**TASK INSTRUCTIONS**
Only the lines in the entries below from the line with "UGG Classic mini" to the line with "Casa para alugar", both included, belong in the answer, transcribed exactly and without pictures.

**AVAILABLE RECORDS**
----------------------------------------
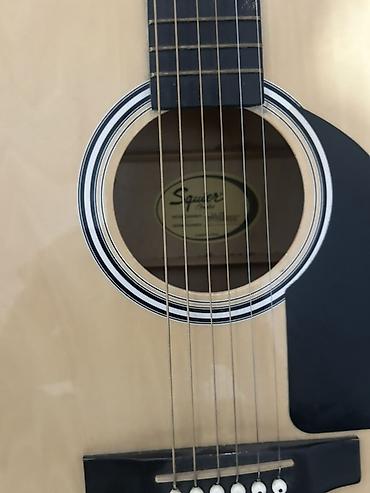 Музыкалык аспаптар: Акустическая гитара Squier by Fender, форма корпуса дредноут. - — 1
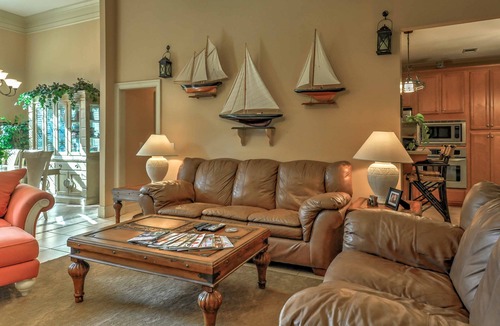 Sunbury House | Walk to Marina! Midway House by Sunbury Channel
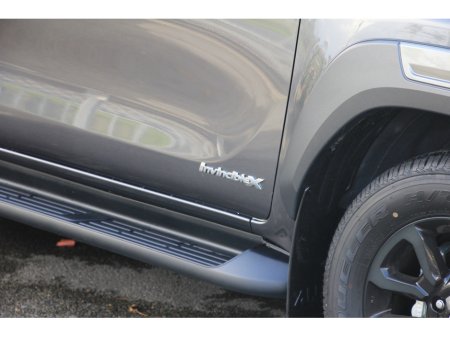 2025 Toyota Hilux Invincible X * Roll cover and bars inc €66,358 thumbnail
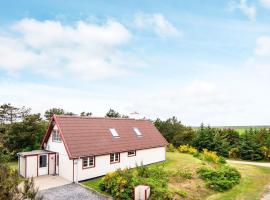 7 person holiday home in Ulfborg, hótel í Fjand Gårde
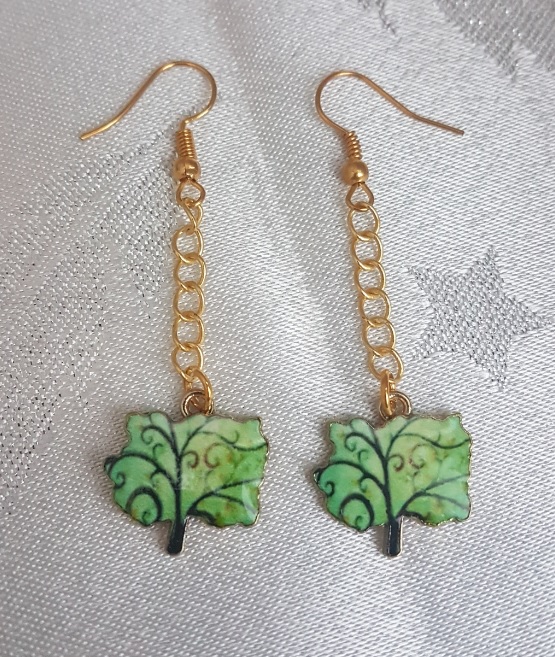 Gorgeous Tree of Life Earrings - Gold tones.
----------------------------------------
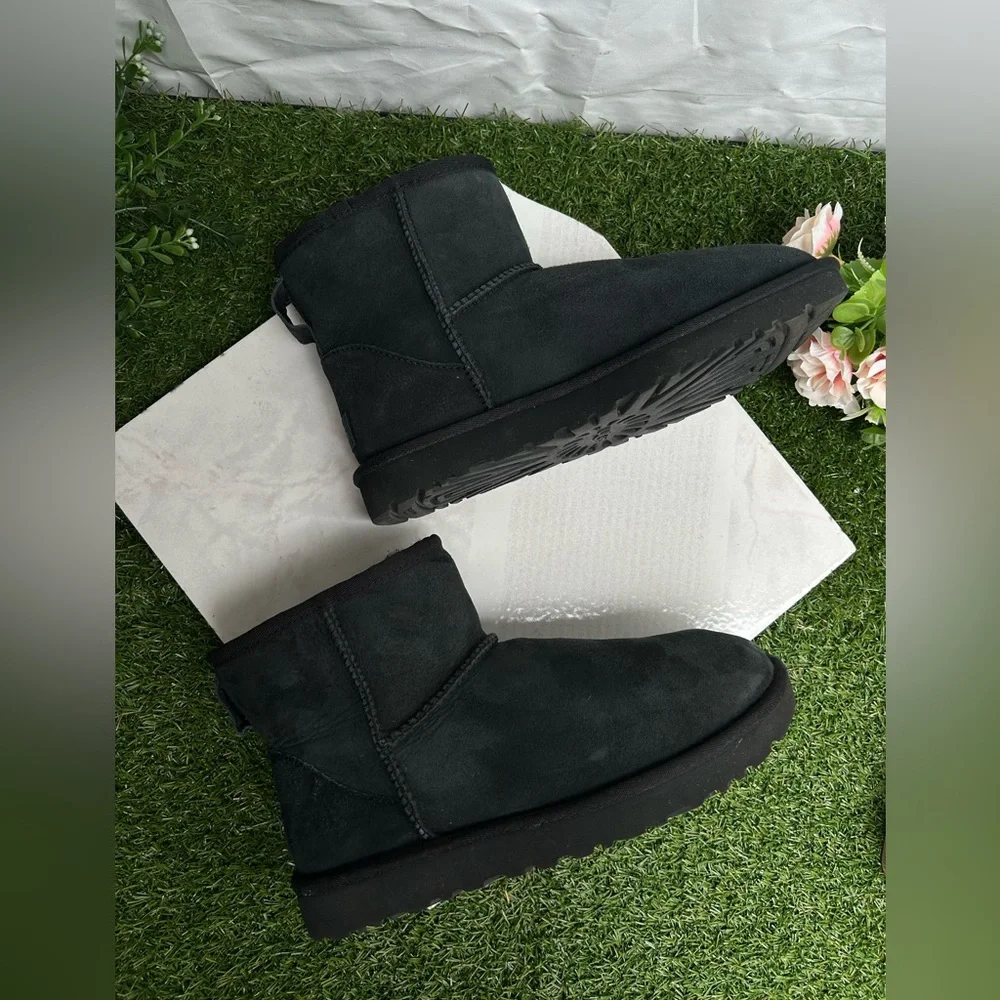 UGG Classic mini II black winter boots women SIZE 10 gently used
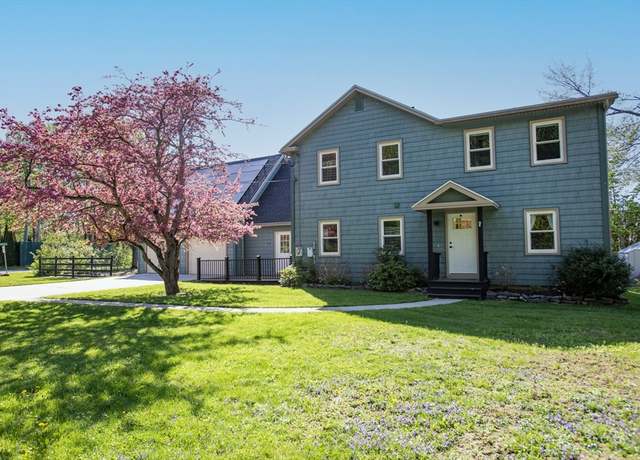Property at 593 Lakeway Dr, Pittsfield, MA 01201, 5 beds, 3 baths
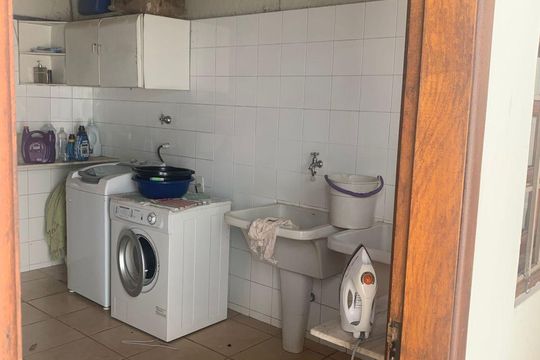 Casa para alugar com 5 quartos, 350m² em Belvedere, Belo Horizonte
----------------------------------------
**ANSWER BOX**
 UGG Classic mini II black winter boots women SIZE 10 gently used
Property at 593 Lakeway Dr, Pittsfield, MA 01201, 5 beds, 3 baths
 Casa para alugar com 5 quartos, 350m² em Belvedere, Belo Horizonte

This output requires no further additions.